When the sale was first announced in April, Barclays had hoped to receive $320m, based on the assets under management at that time. However, not all customers opted to have their assets moved to the Bank of Singapore, resulting in the lower final sale price.
The sale will also decrease Barclays' risk weighted assets by roughly £800m.
"This is another example of the great progress we have made this year in Barclays non-core, as we aim to reduce risk weighted assets to £23bn in 2017 and reintegrate the remainder of the unit back into the group," said Barclays group chief executive, Jes Staley.
"I would like to thank those skilled and dedicated colleagues in Hong Kong and Singapore, who have moved to become part of Bank of Singapore, for their hard work for both Barclays and our wealth clients in the region. I wish them great success in the future."
Barclays will still run its corporate and investment banking businesses in Singapore and Hong Kong.
"Asia remains a crucial component of the Barclays business plan, and we continue to actively serve our clients across the region from our offices in Singapore, Hong Kong, China, India, and Japan," Staley added.
Shares in Barclays are down 1.5 per cent at 212.35p at time of writing, although investors are also likely bracing themselves ahead of the Bank of England's stress test results on Wednesday.
28 November 2016 @ 12:15pmBarclays (BARC)
Barclays has been working hard to shift its non-core assets over the past few years.
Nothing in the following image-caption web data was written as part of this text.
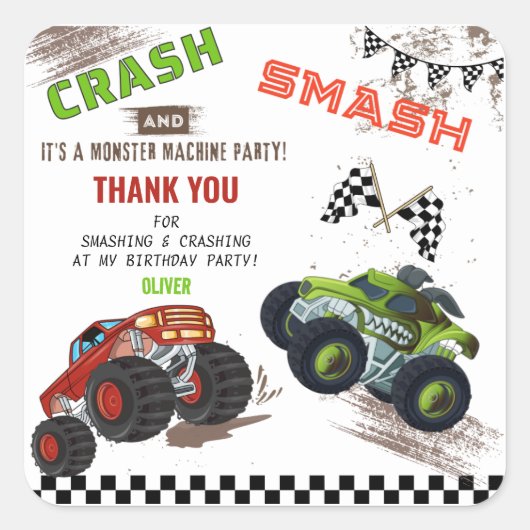 Schattige Monster Bedankt Auto Truck Kids Verjaard Vierkante Sticker (Voorkant)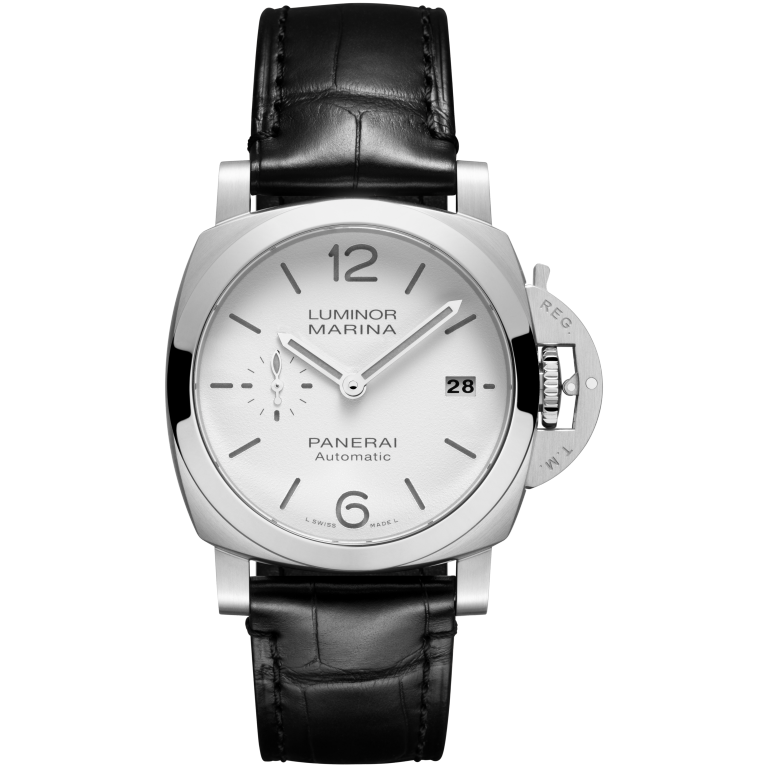 Panerai Luminor Quaranta 40 mm White Dial Stainless Steel Black   Leather Strap PAM01371 - WATCHXNYC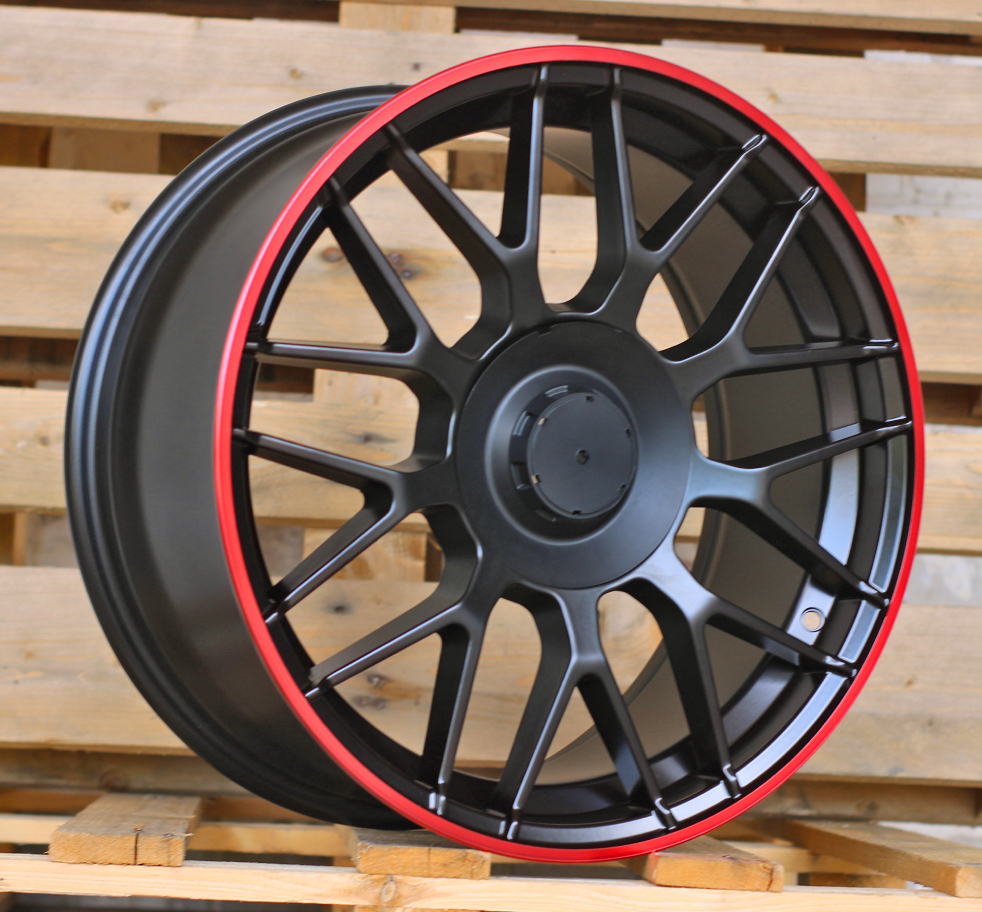 R18x8.5  5X112  ET  35  66.6  REW020  Black Matt (BM)  For MER  (K7)  (Red Coating)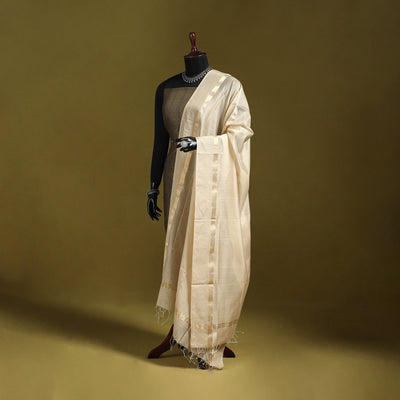 Handloom silk cotton maheshwari dupatta with zari border 13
Earlier this month, the bank announced it had agreed to sell its Irish insurance unit.
In October, it revealed it was selling a portfolio of salary secured loans in Italy, its Egyptian bank and its UK trust business, while in August the lender dropped its Italian retail banking network.
In its most recent results, Barclays revealed that losses attributed to its non-core division had slipped a further 33 per cent year-on-year for the first nine months of 2016.